Simplifying a logic function using boolean algebra

Question

I'm taking a class on digital logic and I am having a hard time with boolean algebra and simplifying logic functions with it. I have tried answering this problem several times and I keep coming to the answer "1", which I feel is absolutely wrong.

The question is

Consider the logic function f(a,b,c) = abc + ab'c + a'bc + a'b'c + ab'c'. Simplify f using Boolean algebra as much as possible.

I have tried solving it several ways using the boolean identities given in my textbook and from lecture, but I keep coming to something like c + 1 which is equivalent to 1, which I don't feel is the correct answer considering the next question in the problem.

Here is my last attempt:

 f(a,b,c) = abc + ab'c + a'bc + a'b'c + ab'c'
          = a(bc + b'c + b'c') + a'(bc + b'c)        # Distributive, took out the a and the a' separately.
          = (a + a')((bc + b'c + b'c') + (bc + b'c)) # Distributive(?), took out the a and a' together (This is probably where I screwed up).
          = (1)((c + b'c') + c)                      # a + a' = 1; bc + b'c = c (Combining).
          = c + b'c' + c                             # cleaned up a little.
          = c + b'c'                                 # c + c = c.
          = c + (b' + c')                            # b'c' = b' + c' (DeMorgan's Theorem).
          = 1 + b'                                   # c + c' = 1.
          = 1                                        # 1 + b' = 1

This feels absolutely wrong to me, and the next question asks me to make the logic circuit for it, which I don't think is possible.

Can anyone help/walk me through what I am doing wrong?
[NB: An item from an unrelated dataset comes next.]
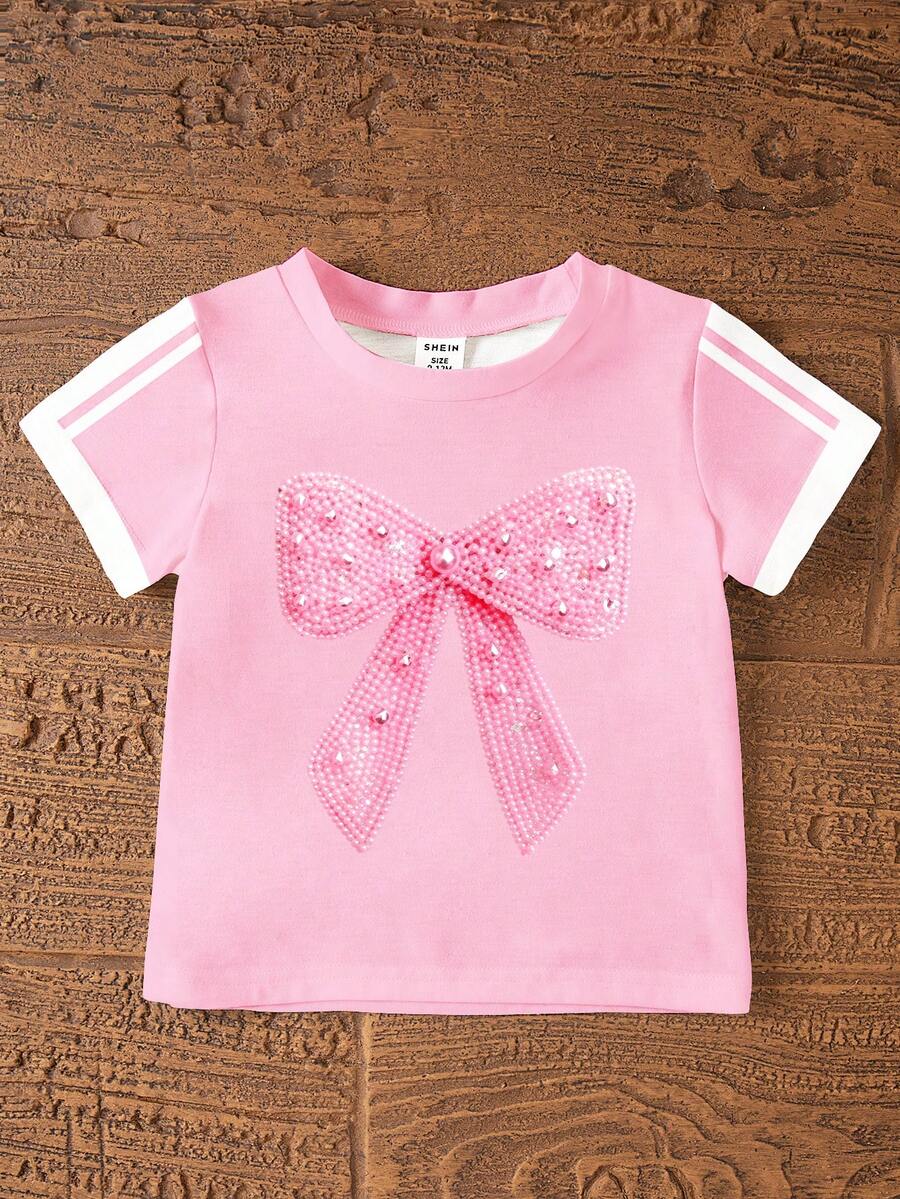 Sweet Strawberry Print T Shirt And Shorts Set For Toddler Girls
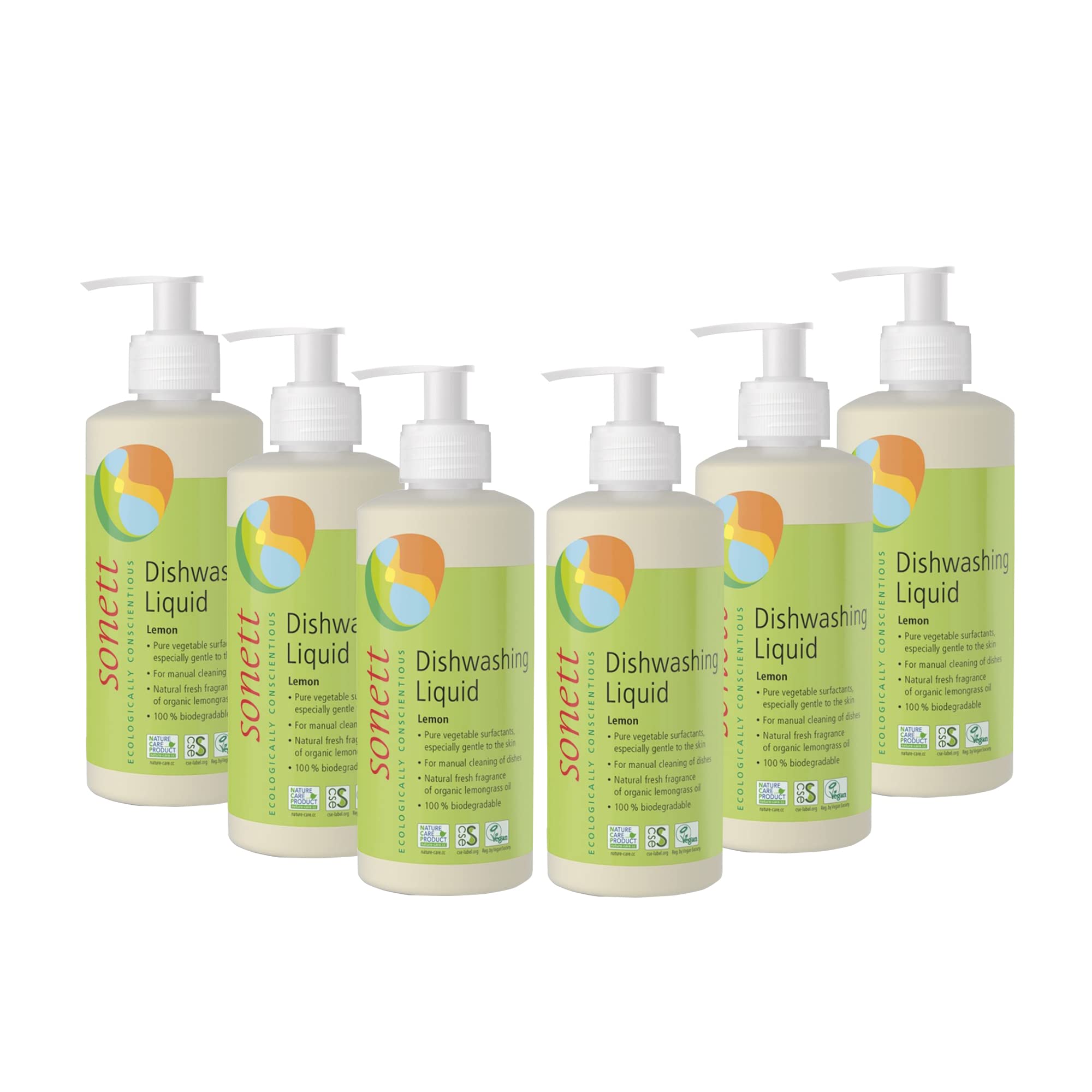 Sonett Organic Dishwashing Liquid Organic 100% Biodegradable Lemon, 10 Fl.Oz & 34 Fl.Oz (1 Count)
I would really appreciate it. :(

(P.S. I used code formatting, I apologize if this is annoying to some.)

Answer 1

By this table:

A 1 1 1 1 0 0 0 0
B 1 1 0 0 1 1 0 0
C 1 0 1 0 1 0 1 0
Y 1 0 1 1 1 0 1 0

Y=ab'+c

I've got it :D

f(a,b,c) = abc + ab'c + a'bc + a'b'c + ab'c'
         = a(bc + b'c + b'c') + a'(bc + b'c)
         = a(c(b + b') + b'c') + a'(c(b + b'))
         = a(c * 1 + b'c') + a'(c * 1)
         = a(c + b'c') + a'c
         = a(c'(b'c')')' + a'c
         = a(c'(b + c))' + a'c
         = a(c'b +cc')' + a'c
         = a(c'b)' + a'c
         = a(c+b') + a'c
         = ac + ab' + a'c
         = c(a + a') + ab'
         = ab' + c